===== Source material =====

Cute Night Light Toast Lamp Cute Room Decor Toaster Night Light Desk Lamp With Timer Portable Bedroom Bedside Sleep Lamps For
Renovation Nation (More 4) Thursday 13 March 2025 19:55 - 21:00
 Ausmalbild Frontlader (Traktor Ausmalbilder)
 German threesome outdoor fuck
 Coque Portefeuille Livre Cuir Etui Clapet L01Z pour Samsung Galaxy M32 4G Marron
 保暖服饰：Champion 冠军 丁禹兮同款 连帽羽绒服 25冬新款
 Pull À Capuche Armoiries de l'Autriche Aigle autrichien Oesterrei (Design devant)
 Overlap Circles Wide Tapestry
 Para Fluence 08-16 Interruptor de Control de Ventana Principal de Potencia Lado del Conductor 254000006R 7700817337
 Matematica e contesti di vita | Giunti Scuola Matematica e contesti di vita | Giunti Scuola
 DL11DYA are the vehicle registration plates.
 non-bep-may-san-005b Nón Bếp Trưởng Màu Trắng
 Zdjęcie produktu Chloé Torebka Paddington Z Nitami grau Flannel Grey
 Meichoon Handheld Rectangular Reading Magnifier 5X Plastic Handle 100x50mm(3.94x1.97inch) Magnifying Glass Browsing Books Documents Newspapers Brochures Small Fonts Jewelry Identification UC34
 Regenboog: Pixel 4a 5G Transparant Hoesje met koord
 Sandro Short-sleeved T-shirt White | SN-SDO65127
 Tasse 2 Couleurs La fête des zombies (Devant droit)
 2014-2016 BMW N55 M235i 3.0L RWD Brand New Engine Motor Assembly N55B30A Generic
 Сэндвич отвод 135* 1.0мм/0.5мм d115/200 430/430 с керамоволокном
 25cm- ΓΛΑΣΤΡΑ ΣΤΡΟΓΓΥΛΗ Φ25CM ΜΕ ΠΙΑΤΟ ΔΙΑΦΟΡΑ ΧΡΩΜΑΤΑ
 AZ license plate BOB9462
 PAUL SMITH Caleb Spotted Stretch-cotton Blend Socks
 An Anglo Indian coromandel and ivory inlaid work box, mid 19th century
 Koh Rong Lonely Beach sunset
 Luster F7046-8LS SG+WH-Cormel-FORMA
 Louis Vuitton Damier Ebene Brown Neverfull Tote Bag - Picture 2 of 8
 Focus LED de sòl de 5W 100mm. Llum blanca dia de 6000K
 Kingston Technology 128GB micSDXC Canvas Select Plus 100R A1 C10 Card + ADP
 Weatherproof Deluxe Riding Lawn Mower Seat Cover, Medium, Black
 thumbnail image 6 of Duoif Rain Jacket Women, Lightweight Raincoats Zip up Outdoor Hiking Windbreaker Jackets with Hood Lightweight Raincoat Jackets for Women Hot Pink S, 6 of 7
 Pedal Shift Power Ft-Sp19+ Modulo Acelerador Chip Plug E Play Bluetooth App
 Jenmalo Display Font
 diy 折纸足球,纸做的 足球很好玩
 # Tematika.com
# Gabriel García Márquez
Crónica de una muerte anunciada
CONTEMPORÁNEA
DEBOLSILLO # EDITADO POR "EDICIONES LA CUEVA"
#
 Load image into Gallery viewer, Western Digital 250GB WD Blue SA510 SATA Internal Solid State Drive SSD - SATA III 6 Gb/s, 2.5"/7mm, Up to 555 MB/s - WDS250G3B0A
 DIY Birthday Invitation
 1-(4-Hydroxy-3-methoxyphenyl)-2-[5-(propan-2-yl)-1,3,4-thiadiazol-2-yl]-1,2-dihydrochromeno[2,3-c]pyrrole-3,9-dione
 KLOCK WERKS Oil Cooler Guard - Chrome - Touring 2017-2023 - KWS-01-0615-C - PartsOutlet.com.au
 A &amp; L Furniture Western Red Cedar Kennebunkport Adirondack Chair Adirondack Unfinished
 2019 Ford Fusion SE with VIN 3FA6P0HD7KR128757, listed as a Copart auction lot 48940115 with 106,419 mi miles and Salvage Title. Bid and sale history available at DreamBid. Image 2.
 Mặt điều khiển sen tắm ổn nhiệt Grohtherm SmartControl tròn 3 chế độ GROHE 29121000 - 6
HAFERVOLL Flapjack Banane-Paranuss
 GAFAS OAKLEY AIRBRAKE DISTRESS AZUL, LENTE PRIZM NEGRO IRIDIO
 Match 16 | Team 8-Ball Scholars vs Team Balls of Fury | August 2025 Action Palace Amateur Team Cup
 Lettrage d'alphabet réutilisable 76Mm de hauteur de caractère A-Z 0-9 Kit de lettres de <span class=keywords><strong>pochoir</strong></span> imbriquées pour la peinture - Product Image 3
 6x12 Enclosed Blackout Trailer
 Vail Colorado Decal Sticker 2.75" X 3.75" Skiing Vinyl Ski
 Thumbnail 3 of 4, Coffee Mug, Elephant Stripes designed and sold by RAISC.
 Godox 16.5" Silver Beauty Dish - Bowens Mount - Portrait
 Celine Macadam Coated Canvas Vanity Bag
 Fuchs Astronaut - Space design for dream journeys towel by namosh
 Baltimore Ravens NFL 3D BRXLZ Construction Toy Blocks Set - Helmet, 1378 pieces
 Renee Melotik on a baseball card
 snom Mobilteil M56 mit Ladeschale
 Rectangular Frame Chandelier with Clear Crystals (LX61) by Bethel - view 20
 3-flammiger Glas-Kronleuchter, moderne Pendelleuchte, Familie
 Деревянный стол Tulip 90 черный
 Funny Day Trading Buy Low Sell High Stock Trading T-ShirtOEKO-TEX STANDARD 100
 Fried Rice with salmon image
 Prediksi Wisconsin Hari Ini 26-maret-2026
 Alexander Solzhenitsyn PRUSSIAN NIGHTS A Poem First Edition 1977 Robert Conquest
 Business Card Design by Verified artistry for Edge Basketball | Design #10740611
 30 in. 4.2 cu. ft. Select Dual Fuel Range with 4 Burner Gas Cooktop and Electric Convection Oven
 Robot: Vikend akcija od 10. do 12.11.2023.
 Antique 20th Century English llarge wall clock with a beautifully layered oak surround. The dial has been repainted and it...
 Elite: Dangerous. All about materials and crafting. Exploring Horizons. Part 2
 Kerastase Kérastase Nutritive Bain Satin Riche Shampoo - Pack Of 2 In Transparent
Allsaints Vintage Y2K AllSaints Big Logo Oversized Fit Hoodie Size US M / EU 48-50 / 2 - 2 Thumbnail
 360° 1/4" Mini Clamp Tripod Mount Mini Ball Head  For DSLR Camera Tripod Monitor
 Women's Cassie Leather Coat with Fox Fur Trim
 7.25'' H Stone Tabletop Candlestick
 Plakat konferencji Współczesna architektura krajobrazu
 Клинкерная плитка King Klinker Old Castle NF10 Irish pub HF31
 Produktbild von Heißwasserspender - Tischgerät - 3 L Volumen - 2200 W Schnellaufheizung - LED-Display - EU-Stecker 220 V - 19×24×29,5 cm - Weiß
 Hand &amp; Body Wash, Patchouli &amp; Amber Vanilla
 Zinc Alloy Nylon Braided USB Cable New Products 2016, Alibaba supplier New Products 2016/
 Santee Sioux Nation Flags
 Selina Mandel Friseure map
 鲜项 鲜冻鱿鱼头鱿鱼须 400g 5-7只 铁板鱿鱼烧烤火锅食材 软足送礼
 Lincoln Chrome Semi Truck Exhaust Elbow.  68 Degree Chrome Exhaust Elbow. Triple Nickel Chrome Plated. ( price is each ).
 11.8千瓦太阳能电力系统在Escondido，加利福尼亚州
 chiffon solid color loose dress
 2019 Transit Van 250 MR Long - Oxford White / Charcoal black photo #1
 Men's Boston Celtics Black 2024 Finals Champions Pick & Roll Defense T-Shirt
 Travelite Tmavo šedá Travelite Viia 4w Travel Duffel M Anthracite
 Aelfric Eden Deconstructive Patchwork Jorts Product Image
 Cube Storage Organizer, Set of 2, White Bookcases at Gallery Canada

=====

* Work to complete: Count every line of the data in which the word "Mount" appears, and report only the total.

* Written solution: 2